Sementara dari sisi kontribusi terhadap Produk Domestik Bruto (PDB), sektor industri pengolahan nonmigas pada triwulan I 2024 menjadi penyumbang terbesar, yaitu 17,47 persen dengan pertumbuhannya sebesar 4,64 persen.

Di sisi ekspor, nilai pengiriman produk industri pengolahan nonmigas pada semester I tahun 2024 mencapai 91,65 miliar dolar AS atau setara 73,27 persen dari total ekspor nasional, dengan penyerapan tenaga kerja sebanyak 18,82 juta orang.

"Tren positif ini dapat kita maknai sebagai peningkatan efisiensi industri. Kondisi ini juga cerminan dari kekuatan industri dalam memberikan kontribusi pada perekonomian Indonesia merupakan cerminan dan gambaran dari sejauh mana kekuatan industri dalam perekonomian nasional,” katanya.

Dia mengatakan, performa tersebut didorong karena Indonesia bisa memanfaatkan krisis rantai pasok (supply chain) akibat perang Rusia-Ukraina, peran dari pembangunan infrastruktur, investasi, serta peningkatan kemampuan sumber daya manusia (SDM).

Dirinya secara khusus memberikan perhatian mengenai respons Indonesia dalam menghadapi kondisi impor barang-barang murah yang menyerbu ke pasar domestik.

"Jika kondisi ini berlangsung terus maka lambat laun akan mematikan industri dalam negeri.

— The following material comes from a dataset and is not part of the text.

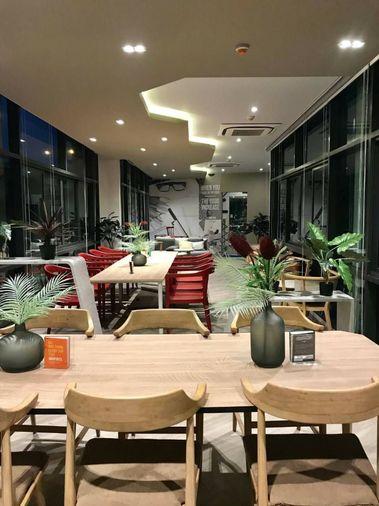 รูป 🦊HunterCondo🦊💥ดิ เอ็กเซล ไฮด์ อะเวย์ สุขุมวิท 71 - รูปที่ 7/9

Industri dalam negeri perlu lebih baik beradaptasi dengan tren permintaan pasar dan regulasi pemerintah perlu menjaga industri dalam negeri dari serangan impor ini,” katanya.

Sebelumnya, Menteri Perindustrian (Menperin) Agus Gumiwang Kartasasmita mengatakan nilai tambah manufaktur terhadap perekonomian (Manufacturing Value Added/MVA) Indonesia mencapai 255 miliar dolar Amerika Serikat (AS) yang menjadikan nilai manufaktur RI naik ke posisi 12 secara global.